■ WORK TO COMPLETE:
Reproduce the data shown below exactly.

■ DATA PROVIDED:
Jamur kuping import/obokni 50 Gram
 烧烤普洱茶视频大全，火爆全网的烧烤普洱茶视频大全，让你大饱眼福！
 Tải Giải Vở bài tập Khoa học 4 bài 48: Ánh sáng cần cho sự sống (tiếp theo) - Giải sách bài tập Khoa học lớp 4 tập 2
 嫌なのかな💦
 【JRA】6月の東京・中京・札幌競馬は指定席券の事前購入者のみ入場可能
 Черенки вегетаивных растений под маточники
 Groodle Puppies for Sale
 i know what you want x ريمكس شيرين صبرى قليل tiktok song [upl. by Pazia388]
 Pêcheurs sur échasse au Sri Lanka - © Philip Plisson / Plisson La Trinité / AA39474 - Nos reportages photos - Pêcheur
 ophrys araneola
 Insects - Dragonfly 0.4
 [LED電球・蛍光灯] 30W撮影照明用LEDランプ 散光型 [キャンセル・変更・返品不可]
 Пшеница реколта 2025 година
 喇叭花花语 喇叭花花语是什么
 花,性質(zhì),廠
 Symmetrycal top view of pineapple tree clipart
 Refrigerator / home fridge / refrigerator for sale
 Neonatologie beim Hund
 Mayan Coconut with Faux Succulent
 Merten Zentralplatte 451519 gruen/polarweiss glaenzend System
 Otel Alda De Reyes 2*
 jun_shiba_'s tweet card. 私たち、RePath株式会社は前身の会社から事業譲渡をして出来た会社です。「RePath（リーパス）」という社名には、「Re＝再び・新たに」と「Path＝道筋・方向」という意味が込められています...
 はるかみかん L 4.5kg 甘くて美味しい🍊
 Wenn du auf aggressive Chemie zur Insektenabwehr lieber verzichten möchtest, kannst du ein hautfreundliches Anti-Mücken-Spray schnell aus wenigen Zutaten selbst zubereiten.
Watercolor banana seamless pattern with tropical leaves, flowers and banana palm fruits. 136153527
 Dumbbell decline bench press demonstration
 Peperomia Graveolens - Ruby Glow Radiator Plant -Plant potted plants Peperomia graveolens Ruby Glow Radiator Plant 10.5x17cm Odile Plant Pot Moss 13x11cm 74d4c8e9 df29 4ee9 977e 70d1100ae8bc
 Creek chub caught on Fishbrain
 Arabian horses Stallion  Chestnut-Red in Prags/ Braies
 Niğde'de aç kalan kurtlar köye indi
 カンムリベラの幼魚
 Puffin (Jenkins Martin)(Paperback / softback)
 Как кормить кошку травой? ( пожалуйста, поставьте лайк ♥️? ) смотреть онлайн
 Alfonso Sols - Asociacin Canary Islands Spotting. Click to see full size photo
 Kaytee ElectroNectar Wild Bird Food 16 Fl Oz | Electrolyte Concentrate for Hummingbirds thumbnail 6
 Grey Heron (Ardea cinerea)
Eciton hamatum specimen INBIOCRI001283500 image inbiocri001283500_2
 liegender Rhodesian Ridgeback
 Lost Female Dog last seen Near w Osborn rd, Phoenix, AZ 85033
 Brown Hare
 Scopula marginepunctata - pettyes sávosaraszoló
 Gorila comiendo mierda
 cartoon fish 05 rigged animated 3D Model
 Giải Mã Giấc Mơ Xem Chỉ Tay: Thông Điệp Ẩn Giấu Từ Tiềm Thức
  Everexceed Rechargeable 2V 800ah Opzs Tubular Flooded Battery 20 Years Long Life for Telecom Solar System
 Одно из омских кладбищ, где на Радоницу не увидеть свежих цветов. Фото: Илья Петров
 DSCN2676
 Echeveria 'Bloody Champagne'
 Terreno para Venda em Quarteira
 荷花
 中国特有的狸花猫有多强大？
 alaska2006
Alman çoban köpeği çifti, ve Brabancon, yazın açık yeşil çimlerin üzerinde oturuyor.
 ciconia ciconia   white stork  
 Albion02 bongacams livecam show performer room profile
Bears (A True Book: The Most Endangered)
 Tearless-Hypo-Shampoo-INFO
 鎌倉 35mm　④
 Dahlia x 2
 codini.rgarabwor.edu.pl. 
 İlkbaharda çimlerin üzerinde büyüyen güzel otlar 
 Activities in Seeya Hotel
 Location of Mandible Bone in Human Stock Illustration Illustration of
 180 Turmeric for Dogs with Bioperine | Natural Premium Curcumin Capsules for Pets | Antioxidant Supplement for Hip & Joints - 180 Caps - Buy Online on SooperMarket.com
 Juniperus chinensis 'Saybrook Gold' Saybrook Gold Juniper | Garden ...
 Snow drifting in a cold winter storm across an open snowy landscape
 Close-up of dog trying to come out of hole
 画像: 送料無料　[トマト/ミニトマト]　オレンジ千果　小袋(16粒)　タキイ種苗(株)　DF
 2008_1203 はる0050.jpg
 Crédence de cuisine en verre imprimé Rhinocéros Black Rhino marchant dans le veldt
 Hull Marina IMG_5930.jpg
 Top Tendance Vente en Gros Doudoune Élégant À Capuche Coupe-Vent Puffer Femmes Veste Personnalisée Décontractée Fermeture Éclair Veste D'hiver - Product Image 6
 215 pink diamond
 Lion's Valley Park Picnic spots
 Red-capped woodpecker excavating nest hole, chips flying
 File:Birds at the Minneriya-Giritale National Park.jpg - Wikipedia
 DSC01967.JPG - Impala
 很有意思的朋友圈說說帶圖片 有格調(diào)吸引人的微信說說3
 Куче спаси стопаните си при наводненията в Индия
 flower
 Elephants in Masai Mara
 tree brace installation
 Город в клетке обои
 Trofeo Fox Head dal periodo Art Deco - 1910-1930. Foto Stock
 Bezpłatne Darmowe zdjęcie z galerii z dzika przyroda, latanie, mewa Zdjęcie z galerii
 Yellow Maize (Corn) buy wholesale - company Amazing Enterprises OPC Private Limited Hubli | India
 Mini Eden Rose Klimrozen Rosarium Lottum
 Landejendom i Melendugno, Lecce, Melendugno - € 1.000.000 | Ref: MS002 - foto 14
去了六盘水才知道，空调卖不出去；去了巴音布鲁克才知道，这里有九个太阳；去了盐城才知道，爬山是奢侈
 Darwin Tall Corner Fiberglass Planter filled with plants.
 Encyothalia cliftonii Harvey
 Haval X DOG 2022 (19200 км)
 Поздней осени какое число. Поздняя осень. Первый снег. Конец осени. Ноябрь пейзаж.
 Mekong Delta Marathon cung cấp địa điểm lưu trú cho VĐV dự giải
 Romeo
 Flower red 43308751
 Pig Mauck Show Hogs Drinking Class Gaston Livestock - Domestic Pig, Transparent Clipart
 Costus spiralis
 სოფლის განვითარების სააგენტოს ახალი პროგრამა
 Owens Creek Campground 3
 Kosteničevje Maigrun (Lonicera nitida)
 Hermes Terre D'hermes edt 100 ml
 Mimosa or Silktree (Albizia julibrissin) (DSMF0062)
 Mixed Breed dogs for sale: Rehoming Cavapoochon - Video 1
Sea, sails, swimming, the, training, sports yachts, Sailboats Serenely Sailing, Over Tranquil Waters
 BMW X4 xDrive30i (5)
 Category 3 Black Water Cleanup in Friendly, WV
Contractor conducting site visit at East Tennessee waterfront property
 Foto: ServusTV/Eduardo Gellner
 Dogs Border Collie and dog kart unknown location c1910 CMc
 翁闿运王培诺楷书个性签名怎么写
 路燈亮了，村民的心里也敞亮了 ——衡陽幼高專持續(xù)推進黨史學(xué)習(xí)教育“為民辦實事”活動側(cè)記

■ REPLY TO THE EXERCISE:
Jamur kuping import/obokni 50 Gram
 烧烤普洱茶视频大全，火爆全网的烧烤普洱茶视频大全，让你大饱眼福！
 Tải Giải Vở bài tập Khoa học 4 bài 48: Ánh sáng cần cho sự sống (tiếp theo) - Giải sách bài tập Khoa học lớp 4 tập 2
 嫌なのかな💦
 【JRA】6月の東京・中京・札幌競馬は指定席券の事前購入者のみ入場可能
 Черенки вегетаивных растений под маточники
 Groodle Puppies for Sale
 i know what you want x ريمكس شيرين صبرى قليل tiktok song [upl. by Pazia388]
 Pêcheurs sur échasse au Sri Lanka - © Philip Plisson / Plisson La Trinité / AA39474 - Nos reportages photos - Pêcheur
 ophrys araneola
 Insects - Dragonfly 0.4
 [LED電球・蛍光灯] 30W撮影照明用LEDランプ 散光型 [キャンセル・変更・返品不可]
 Пшеница реколта 2025 година
 喇叭花花语 喇叭花花语是什么
 花,性質(zhì),廠
 Symmetrycal top view of pineapple tree clipart
 Refrigerator / home fridge / refrigerator for sale
 Neonatologie beim Hund
 Mayan Coconut with Faux Succulent
 Merten Zentralplatte 451519 gruen/polarweiss glaenzend System
 Otel Alda De Reyes 2*
 jun_shiba_'s tweet card. 私たち、RePath株式会社は前身の会社から事業譲渡をして出来た会社です。「RePath（リーパス）」という社名には、「Re＝再び・新たに」と「Path＝道筋・方向」という意味が込められています...
 はるかみかん L 4.5kg 甘くて美味しい🍊
 Wenn du auf aggressive Chemie zur Insektenabwehr lieber verzichten möchtest, kannst du ein hautfreundliches Anti-Mücken-Spray schnell aus wenigen Zutaten selbst zubereiten.
Watercolor banana seamless pattern with tropical leaves, flowers and banana palm fruits. 136153527
 Dumbbell decline bench press demonstration
 Peperomia Graveolens - Ruby Glow Radiator Plant -Plant potted plants Peperomia graveolens Ruby Glow Radiator Plant 10.5x17cm Odile Plant Pot Moss 13x11cm 74d4c8e9 df29 4ee9 977e 70d1100ae8bc
 Creek chub caught on Fishbrain
 Arabian horses Stallion  Chestnut-Red in Prags/ Braies
 Niğde'de aç kalan kurtlar köye indi
 カンムリベラの幼魚
 Puffin (Jenkins Martin)(Paperback / softback)
 Как кормить кошку травой? ( пожалуйста, поставьте лайк ♥️? ) смотреть онлайн
 Alfonso Sols - Asociacin Canary Islands Spotting. Click to see full size photo
 Kaytee ElectroNectar Wild Bird Food 16 Fl Oz | Electrolyte Concentrate for Hummingbirds thumbnail 6
 Grey Heron (Ardea cinerea)
Eciton hamatum specimen INBIOCRI001283500 image inbiocri001283500_2
 liegender Rhodesian Ridgeback
 Lost Female Dog last seen Near w Osborn rd, Phoenix, AZ 85033
 Brown Hare
 Scopula marginepunctata - pettyes sávosaraszoló
 Gorila comiendo mierda
 cartoon fish 05 rigged animated 3D Model
 Giải Mã Giấc Mơ Xem Chỉ Tay: Thông Điệp Ẩn Giấu Từ Tiềm Thức
  Everexceed Rechargeable 2V 800ah Opzs Tubular Flooded Battery 20 Years Long Life for Telecom Solar System
 Одно из омских кладбищ, где на Радоницу не увидеть свежих цветов. Фото: Илья Петров
 DSCN2676
 Echeveria 'Bloody Champagne'
 Terreno para Venda em Quarteira
 荷花
 中国特有的狸花猫有多强大？
 alaska2006
Alman çoban köpeği çifti, ve Brabancon, yazın açık yeşil çimlerin üzerinde oturuyor.
 ciconia ciconia   white stork  
 Albion02 bongacams livecam show performer room profile
Bears (A True Book: The Most Endangered)
 Tearless-Hypo-Shampoo-INFO
 鎌倉 35mm　④
 Dahlia x 2
 codini.rgarabwor.edu.pl. 
 İlkbaharda çimlerin üzerinde büyüyen güzel otlar 
 Activities in Seeya Hotel
 Location of Mandible Bone in Human Stock Illustration Illustration of
 180 Turmeric for Dogs with Bioperine | Natural Premium Curcumin Capsules for Pets | Antioxidant Supplement for Hip & Joints - 180 Caps - Buy Online on SooperMarket.com
 Juniperus chinensis 'Saybrook Gold' Saybrook Gold Juniper | Garden ...
 Snow drifting in a cold winter storm across an open snowy landscape
 Close-up of dog trying to come out of hole
 画像: 送料無料　[トマト/ミニトマト]　オレンジ千果　小袋(16粒)　タキイ種苗(株)　DF
 2008_1203 はる0050.jpg
 Crédence de cuisine en verre imprimé Rhinocéros Black Rhino marchant dans le veldt
 Hull Marina IMG_5930.jpg
 Top Tendance Vente en Gros Doudoune Élégant À Capuche Coupe-Vent Puffer Femmes Veste Personnalisée Décontractée Fermeture Éclair Veste D'hiver - Product Image 6
 215 pink diamond
 Lion's Valley Park Picnic spots
 Red-capped woodpecker excavating nest hole, chips flying
 File:Birds at the Minneriya-Giritale National Park.jpg - Wikipedia
 DSC01967.JPG - Impala
 很有意思的朋友圈說說帶圖片 有格調(diào)吸引人的微信說說3
 Куче спаси стопаните си при наводненията в Индия
 flower
 Elephants in Masai Mara
 tree brace installation
 Город в клетке обои
 Trofeo Fox Head dal periodo Art Deco - 1910-1930. Foto Stock
 Bezpłatne Darmowe zdjęcie z galerii z dzika przyroda, latanie, mewa Zdjęcie z galerii
 Yellow Maize (Corn) buy wholesale - company Amazing Enterprises OPC Private Limited Hubli | India
 Mini Eden Rose Klimrozen Rosarium Lottum
 Landejendom i Melendugno, Lecce, Melendugno - € 1.000.000 | Ref: MS002 - foto 14
去了六盘水才知道，空调卖不出去；去了巴音布鲁克才知道，这里有九个太阳；去了盐城才知道，爬山是奢侈
 Darwin Tall Corner Fiberglass Planter filled with plants.
 Encyothalia cliftonii Harvey
 Haval X DOG 2022 (19200 км)
 Поздней осени какое число. Поздняя осень. Первый снег. Конец осени. Ноябрь пейзаж.
 Mekong Delta Marathon cung cấp địa điểm lưu trú cho VĐV dự giải
 Romeo
 Flower red 43308751
 Pig Mauck Show Hogs Drinking Class Gaston Livestock - Domestic Pig, Transparent Clipart
 Costus spiralis
 სოფლის განვითარების სააგენტოს ახალი პროგრამა
 Owens Creek Campground 3
 Kosteničevje Maigrun (Lonicera nitida)
 Hermes Terre D'hermes edt 100 ml
 Mimosa or Silktree (Albizia julibrissin) (DSMF0062)
 Mixed Breed dogs for sale: Rehoming Cavapoochon - Video 1
Sea, sails, swimming, the, training, sports yachts, Sailboats Serenely Sailing, Over Tranquil Waters
 BMW X4 xDrive30i (5)
 Category 3 Black Water Cleanup in Friendly, WV
Contractor conducting site visit at East Tennessee waterfront property
 Foto: ServusTV/Eduardo Gellner
 Dogs Border Collie and dog kart unknown location c1910 CMc
 翁闿运王培诺楷书个性签名怎么写
 路燈亮了，村民的心里也敞亮了 ——衡陽幼高專持續(xù)推進黨史學(xué)習(xí)教育“為民辦實事”活動側(cè)記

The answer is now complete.